Last modified: 2013-10-14 04:06:48 UTC
(from RT #4790) hume does not know about the eqiad memcache cluster, at least when running mwscript. Thus, the two memcache clusters get out of sync when running maintenance scripts on hume. The real problem is that memcache maintenance is not location aware. As we move into a multi-datacenter model, we need to have the option to look at one or the other memcache instance, or (even better) option for all. In my head it would be something like mwscript mctest.php --eqiad mwscript mctest.php --sdtpa mwscript mctest.php --all
This isn't just about mctest.php . Regular maintenance scripts that execute memcached insertions/deletions should also hit both locations.
How're the memcache clusters arranged exactly?
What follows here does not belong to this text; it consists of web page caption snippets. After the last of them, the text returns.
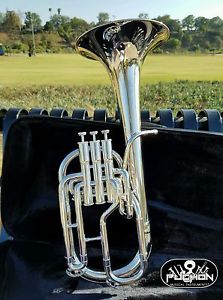 Besson BE-152 Alto Horn- New Standard (Hard to find)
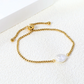 Lorelei Bracelet ~ Waterproof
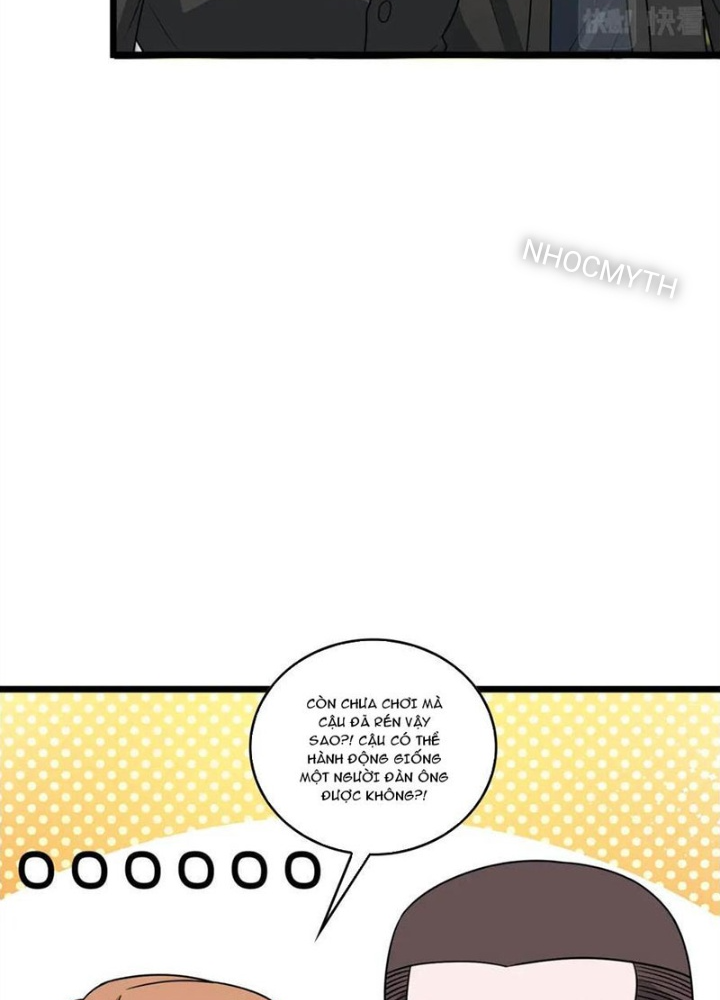 Dũng Cảm Tiến Về Phía Trước Chapter 83 - Trang 2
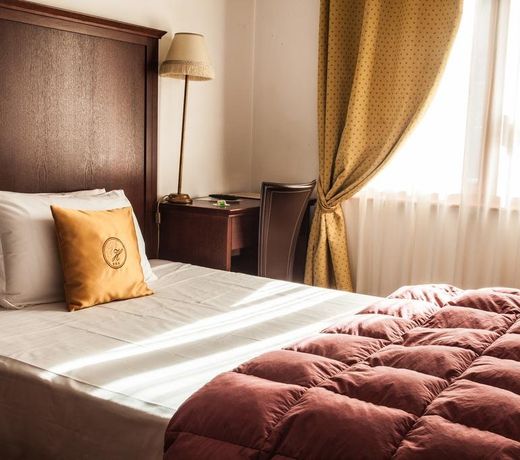 Park Hotel Muggia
I'm worried this could lead to split-brain problems.
They're configured here - mediawiki-config/wmf-config/mc-eqiad.php mediawiki-config/wmf-config/mc-pmtpa.php https://wikitech.wikimedia.org/wiki/Memcached isactually up to date :)
Oh and this also has definitely affected things, with memcache being unpurged for some fundraising purposes (how i discovered this). So tampa and eqiad have different behavior for specifically centralauth-user-05ef03b8cf2f9261df5f7f52c7ec7b65
Is this also an issue for Redis?
(In reply to comment #4) > Oh and this also has definitely affected things, with memcache being unpurged > for some fundraising purposes (how i discovered this). AFAIK, this does not affect fundraising currently, but I do know that fundraising has some plans for memcache and I assume they would want the same functionality between the payments clusters.
Not exactly -- we will be using memcache for session storage and continue our use of it for fraud analytic. In both cases; I'm not seeing a serious need for us to sync across clusters at this time -- we only ever have one active cluster and if we lose messages in flight my opinion is 'oh well; we can pick them up in the audit'.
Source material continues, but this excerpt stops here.